What is expected:
Exactly as they appear below, repeat the lines from the one with "الطيبي وبن سعيد" through the one with "Photo #3: 20937118 Listing", and no others.
Material shown: Begin
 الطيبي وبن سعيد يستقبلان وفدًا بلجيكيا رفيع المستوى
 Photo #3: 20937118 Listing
Material shown: End
Material shown: Begin
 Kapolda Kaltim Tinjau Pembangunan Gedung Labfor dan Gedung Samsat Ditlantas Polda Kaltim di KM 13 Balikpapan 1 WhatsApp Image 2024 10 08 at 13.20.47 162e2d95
Material shown: End
Material shown: Begin
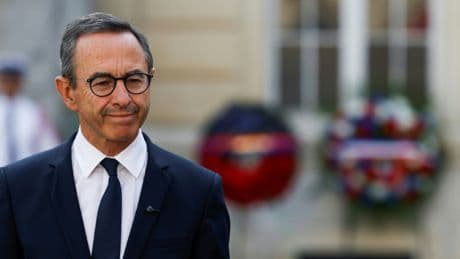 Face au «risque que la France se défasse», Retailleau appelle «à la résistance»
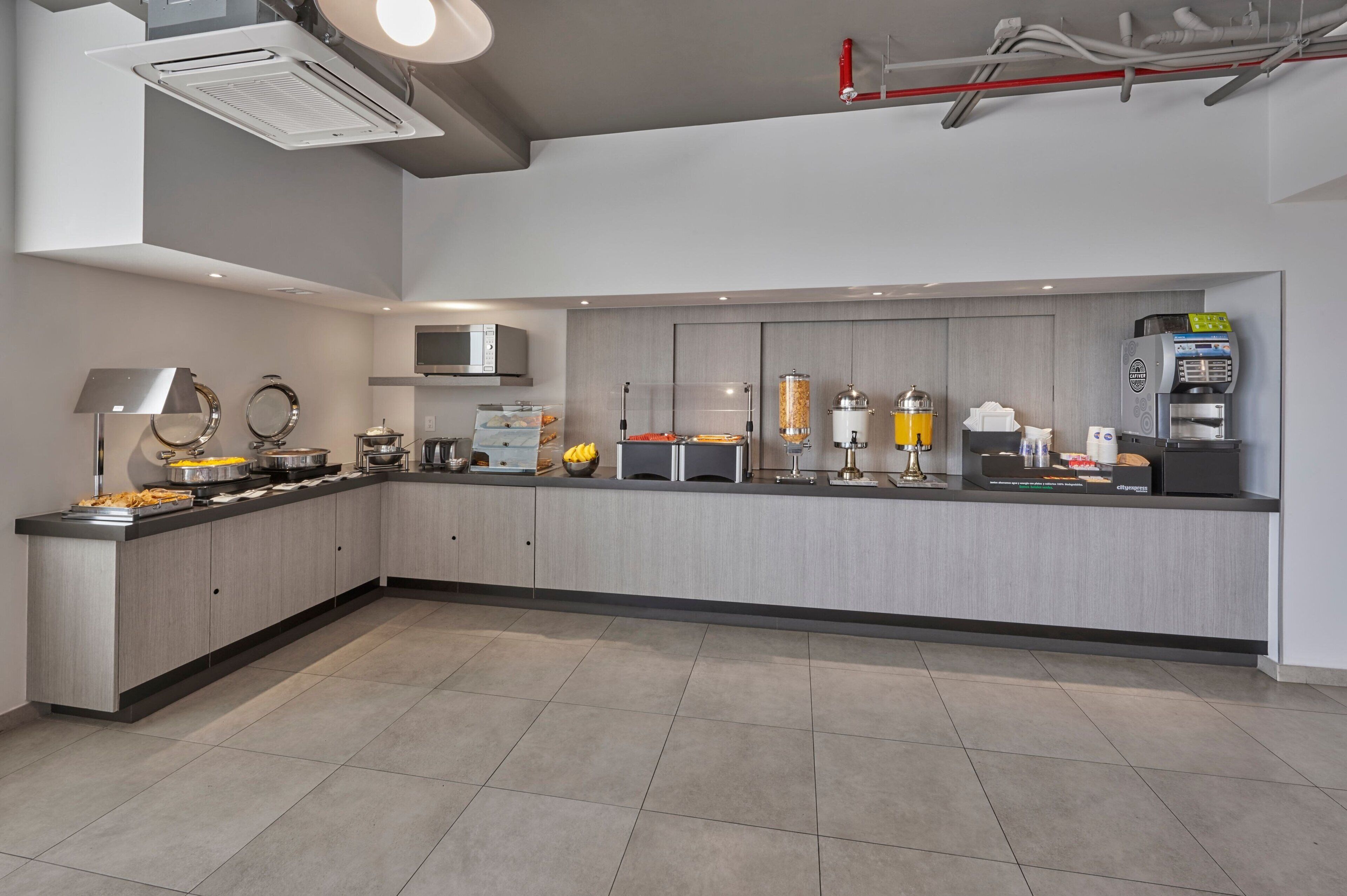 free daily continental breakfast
Material shown: End
Written answer:
 الطيبي وبن سعيد يستقبلان وفدًا بلجيكيا رفيع المستوى
 Photo #3: 20937118 Listing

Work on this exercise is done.